In Phnom Penh, Teera finds a society still in turmoil, where perpetrators and survivors of unfathomable violence live side by side, striving to mend their still beloved country. She meets a young doctor who begins to open her heart, immerses herself in long-buried memories and prepares to learn her father’s fate.

Meanwhile, the Old Musician, who earns his modest keep playing ceremonial music at a temple, awaits Teera’s visit with great trepidation. He will have to confess the bonds he shared with her parents, the passion with which they all embraced the Khmer Rouge’s illusory promise of a democratic society, and the truth about her father’s end. 

A love story for things lost and things restored, a lyrical hymn to the power of forgiveness, Music of the Ghosts is an unforgettable journey through the embattled geography of the heart and its hidden chambers where love can be reborn.

Like many people I imagine, I periodically make the effort to read internationally, to get out of the Eurocentric world my books usually inhabit.

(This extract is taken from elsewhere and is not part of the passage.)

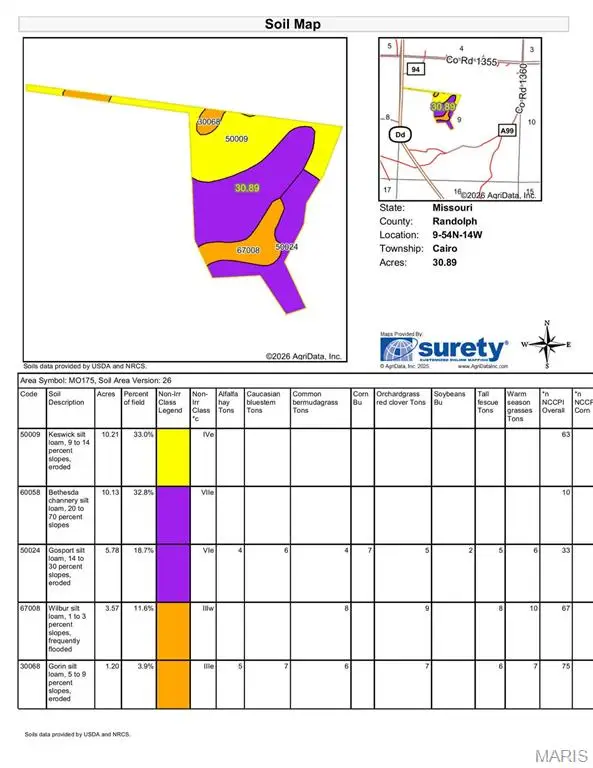 31 Route Dd, Cairo, MO 65239 - #3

I picked up Ratner's Music of the Ghosts because it intrigued me in this respect; I'd never read a book about Cambodia and in fact it was one of those countries I was only vaguely aware of until now. I knew where it was on the map, and I recognized the name Pol Pot, but the country never really had reason to enter my mind. Until now.

The best thing about Music of the Ghosts is how artfully it's written. There's a lyricism to her words, a beauty to her sentences that frequently mesmerized me while reading. This is especially apparent in the Old Musician chapters, and those chapters, as well as his character, were my favorite parts of the book. Those pretty words made the book go down easy, something that is especially admirable since books about foreign events and politics the average Westerner knows almost nothing about are usually dense and confusing and even a little slow.

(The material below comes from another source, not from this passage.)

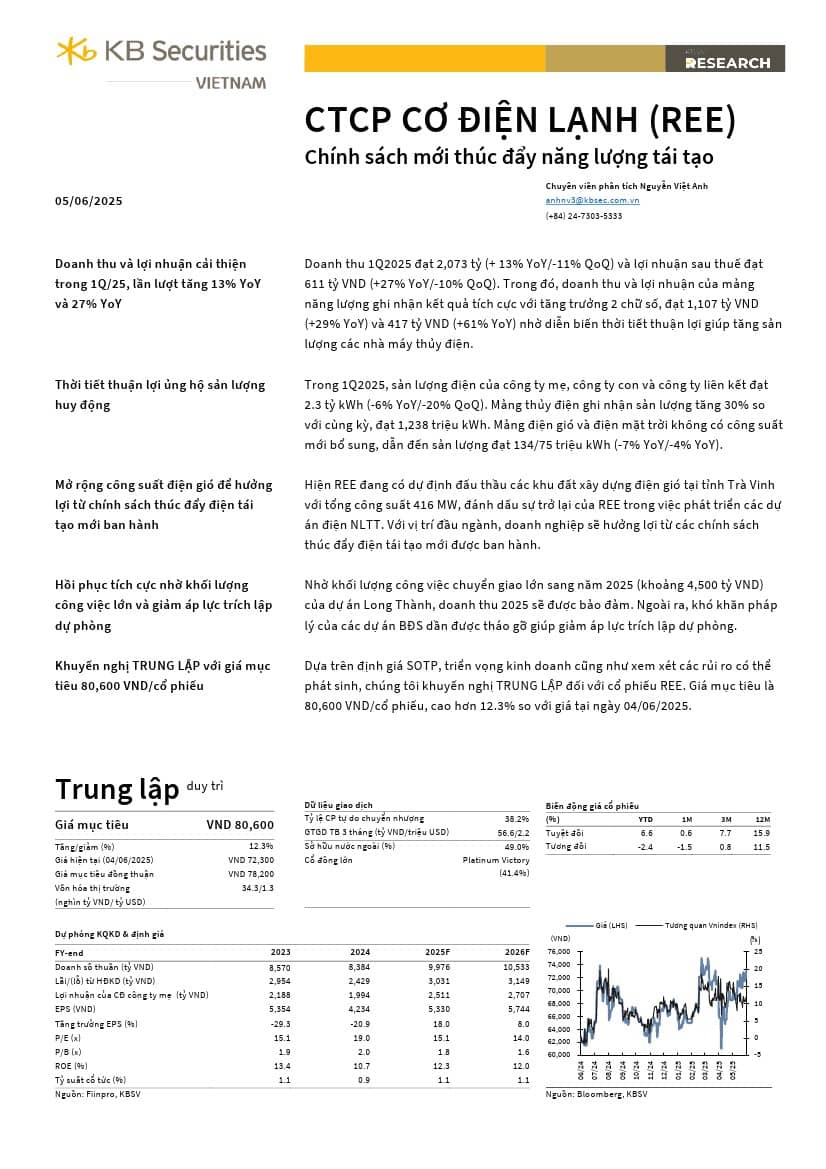 REE: Khuyến nghị Trung lập với giá mục tiêu 80,600 đồng/cổ phiếu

In that respect, she reminds me of Khaled Hosseini, another author who writes about a country with an often confusing past and makes it easily accessible to a layperson with no background knowledge in Middle Eastern history. I do admit, though, I was a bit more confused while reading her works, and the story itself is not as intriguing as the stories in Hosseini's work. I'd imagine someone would be least interested to pick this up than The Kite Runner or A Thousand Splendid Suns, for instance.

One of the most comment complaints is that this book is slow. I admit, it is a little bit slow and I was bored in some parts, but the reason I didn't find this novel as slow as I would have is because last month, I attempted to read a book called My Last Lament and could not get even half-way through it before putting it down. When I think of slow books, I think of that one, or The Night Circus, a book that really tested my patience and ultimately proved that, no, I don't have the stamina to get through a plotless, description heavy, slow-moving novel. This is not a slow book by those standards, though I suppose that if one does not have the patience to get through sometimes jarring time leaps, or how long it took for Ratner to get to the point of the book, one should not read this novel.

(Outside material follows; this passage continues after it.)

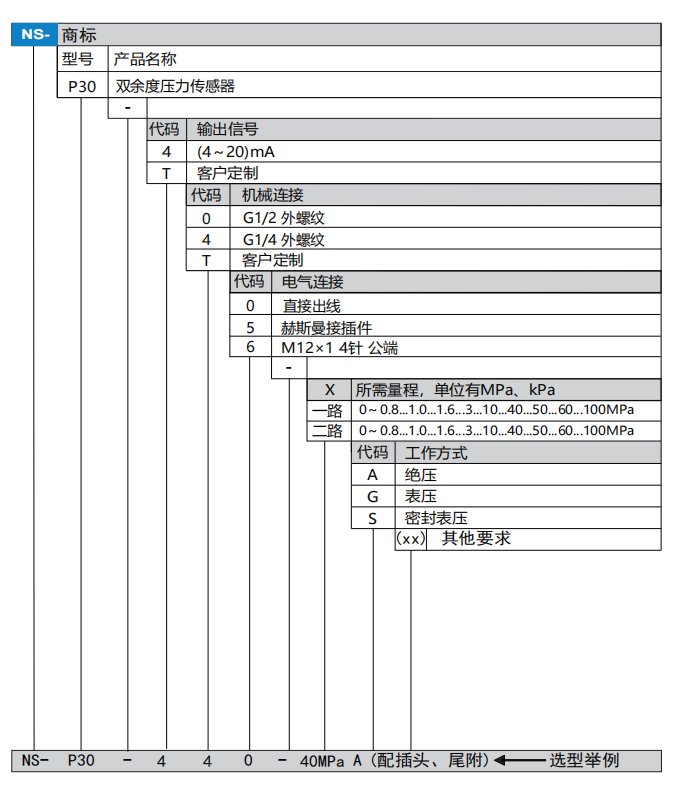 P30选型.png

There's so much going on in this book that it feels much longer than 300-something pages. It seems like it should be a 400 page book. I didn't really mind this; in fact I was enjoying to some extent the disjointed, dream like feeling the narration gave me. Of course, I thought some parts were fairly superfluous, like we really didn't need a love interest for Suteera, though the scenes with Lai and the physician were some of my favorites in the book and indeed, my favorite chapter was not an Old Musician chapter but instead the one in the wildlife sanctuary because the little boy tour guide cracked me up. There was a charm to that chapter I loved, and was sad when it was over.

Despite the subject matter, the book felt quiet to me. There was a peace to the way it was written, a calmness that made even the horrific torture parts feel dreamlike and I was surprised by how unbothered I was by them. Not a criticism or a complement, just an observation.

I'd recommend this book for a specific audience, but I can't think of what that audience would be. This is a beautiful, tranquil book without a doubt, but not one that would necessarily appeal to everyone. All I know is, I found it quietly moving and, while not necessarily one of my new favorite novels, one I'm happy I read nonetheless.